Column: Knowing your neighbors provides many benefits

In a couple of weeks, people will be congregating throughout the nation to celebrate National Night Out.

For more than 30 years, people have used this opportunity to help fight crime and make neighborhoods safer. But I would like to suggest that another great benefit is actually getting to know your neighbors and welcoming new people to the community.

With our faces glued to cellphone screens and our lives increasingly lived digitally, it is easy to let years go by and barely know who lives right next door to you. Fortunately, I am blessed to have some very thoughtful neighbors who make a point of reaching out to help others.

In 2013, a major storm took down many of my tree limbs. Some fell into the street and became the city’s responsibility to clean up. But another tree lost one third of its top and fell across my front sidewalk. A kind neighbor across the street came over with his chain saw and cut the branches into manageable pieces.

The next year I had surgery. Shortly after I returned home, my doorbell rang. It was neighbors who live a couple blocks away, but whom I’ve come to know when they walk their dogs morning and night. They had a bag full of deli food from Cub so I wouldn’t have to cook. Their thoughtfulness really touched me.

Last year I had a new lawn mower delivered to my house but soon found myself struggling to put it together. The neighbor across the street ended up coming over to help me. I watched as he easily finished the project, put in the oil and gas and started it up. What a relief! And helping people is not a rare occurrence for this man. He has helped others with damaged trees from wind storms, and he and his wife regularly help an elderly neighbor take out her garage and other little tasks.

And then there’s the gal across the street, (and her sister who lives a couple blocks away,) who go through the neighborhood during the curbside pickup in the spring. They rescue discarded furniture on the curb and bring it home to refinish the pieces. I’ve heard of some people doing this and then selling the pieces on eBay. But those gals donate the refurbished pieces to Bridging. Absolutely amazing!

Then one night, a few months ago, there was a knock on the door after dark. I hesitantly opened to door to find her standing there with a plate full of cinnamon rolls. Sounds like Mayberry USA, doesn’t it?

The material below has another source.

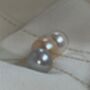 'Ginto' Real Gold Single Pearl Necklace, thumbnail 12 of 12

In April I bought a new tree to replace the one I had to remove last summer. For weeks, I dreaded the task of planting it, as I feared I would encounter large roots where I wanted to dig the hole. Finally, on Memorial Day weekend, I took on the task.

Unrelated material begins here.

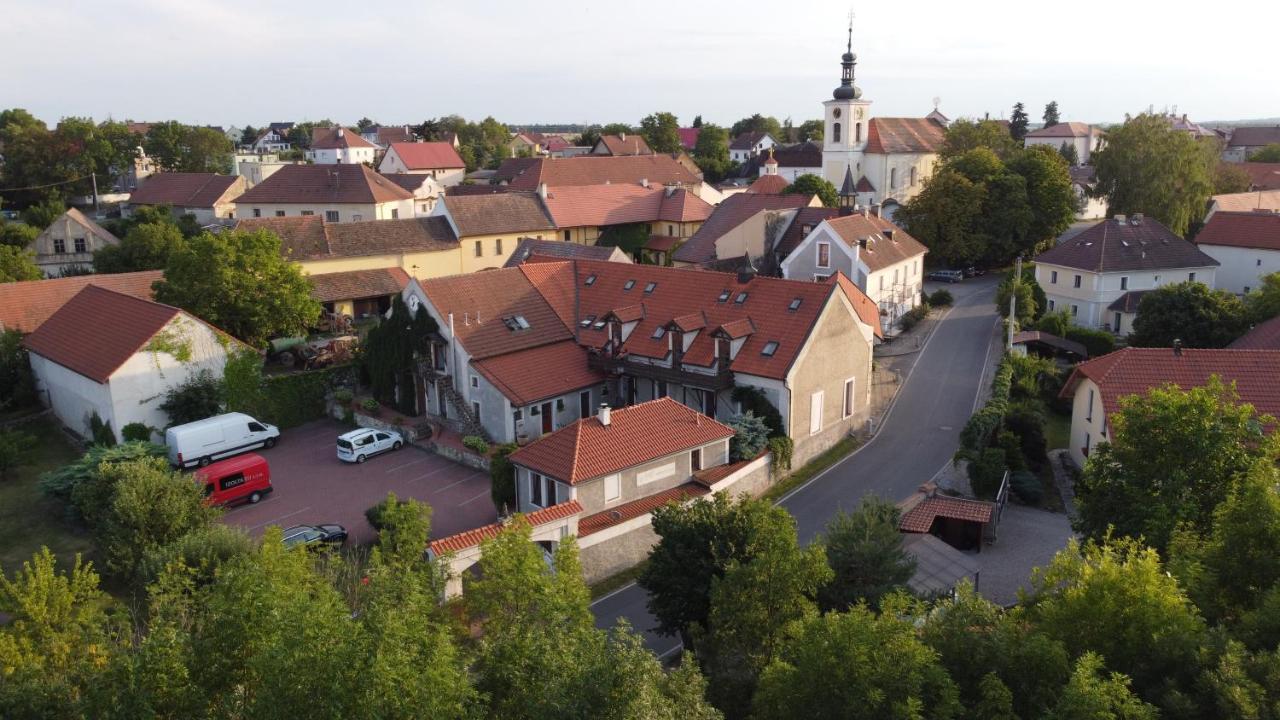 Penzion U Svateho Prokopa Středokluky Exterior foto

While digging, I easily cut through smaller roots, but then halfway through the project, I ran into a rather daunting three-inch root. I stopped and stared at it, trying to figure out what to do next. Do I give up and call my lawn and landscape company, to plant it for me? Do I try to cut through it myself? Do I dig in another area?

Just then, a man appeared behind me and commented on the challenging task at hand. He introduced himself as the father of a neighbor catty-corner behind my house and the uncle of the neighbor across the street from me (yes, the one who helped me with my mower). After we chatted for a while, he suddenly offered to find a power saw at his son’s house so he could cut through the root.

True to his word, he returned a few minutes later with a reciprocating saw and sliced right through it. A perfect stranger, on vacation and walking between his nephew’s house and his son’s house, stops to help a damsel in distress. It helped restore my badly damaged faith in mankind.

It’s easy to think that neighborhoods aren’t what they used to be. That people no longer run next door to borrow a cup of sugar or take care of one’s plants while the other is on vacation. But maybe things haven’t changed that much after all. We just need to step away from our computer screen, stop texting and actually walk across the street to interact with our neighbors. There are some good people out there.

Aug. 1 will be a good time to start. But don’t let it stop there. Keep in touch throughout the year. You’ll be glad you did.

 

Pam Pommer, a graduate of Lincoln Senior High School, lives in Bloomington, where she enjoys gardening and spending time with her shelties.